Percy James set off one day to find her mother, Carletta, whom, for all of Percy's life, has struggled with addiction. Percy fears that her mother is caught in the snow storm, strung out on meth, deep in the woods of Northern Michigan.

While Percy is looking for her mother, she comes across a baby, abandoned and freezing in a room located at a drug dealers farmhouse. She makes a split second decision to save this baby girl, and try and take the child to safety. Percy endures the isolation of a blizzarding, burning cold climate, and the sacrifice of her own life as she desperately tries to evade a small band of criminals that are tracking her down

Thoughts // Review

This book was far more witty, warm, and funny, than it had any right to be. Although this book was filled with almost numbingly dark circumstances, the author has an incredible talent for respectfully lightening situations by using humor; but, also by using the warmth of love, hope, tenderness, and the chance of change.

I thought Percy was an excellent protagonist. She was brave, courageous, and everything I would hope for in a daughter someday. She took on the life that she was given, and chose to be better. She chose to be the change that breaks the pattern. I felt a swell of pride and admiration for her as she braved her journey, and never let anything stand against her.
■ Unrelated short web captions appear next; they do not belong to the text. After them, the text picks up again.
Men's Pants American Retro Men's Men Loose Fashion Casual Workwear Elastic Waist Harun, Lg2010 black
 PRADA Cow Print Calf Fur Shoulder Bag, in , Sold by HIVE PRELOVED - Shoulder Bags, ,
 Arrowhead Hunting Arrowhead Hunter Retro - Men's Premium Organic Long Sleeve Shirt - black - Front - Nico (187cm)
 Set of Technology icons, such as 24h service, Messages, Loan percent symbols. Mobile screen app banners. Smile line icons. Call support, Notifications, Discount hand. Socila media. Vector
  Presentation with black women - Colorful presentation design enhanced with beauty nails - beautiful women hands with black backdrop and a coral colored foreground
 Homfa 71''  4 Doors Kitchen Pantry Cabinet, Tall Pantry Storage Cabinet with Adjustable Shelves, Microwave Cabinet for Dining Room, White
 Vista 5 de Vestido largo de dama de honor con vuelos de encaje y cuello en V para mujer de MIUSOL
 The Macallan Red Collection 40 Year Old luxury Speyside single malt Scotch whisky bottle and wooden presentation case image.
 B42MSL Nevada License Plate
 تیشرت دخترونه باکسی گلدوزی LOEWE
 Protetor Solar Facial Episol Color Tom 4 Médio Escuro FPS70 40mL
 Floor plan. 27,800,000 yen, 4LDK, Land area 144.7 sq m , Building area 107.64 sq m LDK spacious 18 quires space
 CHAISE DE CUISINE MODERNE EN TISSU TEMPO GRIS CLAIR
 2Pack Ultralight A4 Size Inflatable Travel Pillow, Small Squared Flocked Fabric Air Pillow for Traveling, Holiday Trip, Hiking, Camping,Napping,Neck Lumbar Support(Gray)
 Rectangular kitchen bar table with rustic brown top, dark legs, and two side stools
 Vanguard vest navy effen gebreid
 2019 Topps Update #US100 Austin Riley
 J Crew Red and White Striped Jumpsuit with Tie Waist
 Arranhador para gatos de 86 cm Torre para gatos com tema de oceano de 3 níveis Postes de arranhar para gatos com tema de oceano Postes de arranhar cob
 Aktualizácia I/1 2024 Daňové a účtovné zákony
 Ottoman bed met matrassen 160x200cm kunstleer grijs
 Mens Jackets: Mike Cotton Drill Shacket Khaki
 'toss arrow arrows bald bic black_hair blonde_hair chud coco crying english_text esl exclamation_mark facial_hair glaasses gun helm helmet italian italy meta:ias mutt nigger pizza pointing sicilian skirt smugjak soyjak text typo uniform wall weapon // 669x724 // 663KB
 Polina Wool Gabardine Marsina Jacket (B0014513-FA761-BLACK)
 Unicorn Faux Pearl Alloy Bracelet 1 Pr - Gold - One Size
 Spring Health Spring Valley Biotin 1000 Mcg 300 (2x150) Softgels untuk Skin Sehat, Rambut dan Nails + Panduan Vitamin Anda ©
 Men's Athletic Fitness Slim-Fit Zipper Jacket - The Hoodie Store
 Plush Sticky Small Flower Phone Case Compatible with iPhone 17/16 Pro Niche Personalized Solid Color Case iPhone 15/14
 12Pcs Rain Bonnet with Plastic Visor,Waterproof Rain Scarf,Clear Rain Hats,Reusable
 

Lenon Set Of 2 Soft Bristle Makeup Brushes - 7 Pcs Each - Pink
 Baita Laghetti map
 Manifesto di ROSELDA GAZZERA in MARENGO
It was interesting to see the narration from Shelton's (the drug dealer in pursuit of baby Jenna) perspective as he tries to rationalize every decision that he is making, no matter how absurd or out of this world it may sound to someone who is sober and well. At times I found myself feeling sorry for him as he tried to make sense of his decisions, and then had to remember that everything happening to him, he was doing to himself. The author did an excellent job with his character and making him, and the lifestyle he lives, feel real and authentic.

As Percy endures these life threatening circumstances to save the life of this baby, I can't help but see Percy trying to save her own life. This baby that she is trudging through the deep woods of Northern Michigan, is a baby that could have very well ended up living the same life that Percy lives (if the baby would have survived to be a teenager). Percy was doing for this sweetgirl, what she could never have done for herself.

Subjectively, this is probably my favorite book of 2017 so far, and I adored the protagonist, Percy, as she explores her own courage and sacrifices everything to save a life.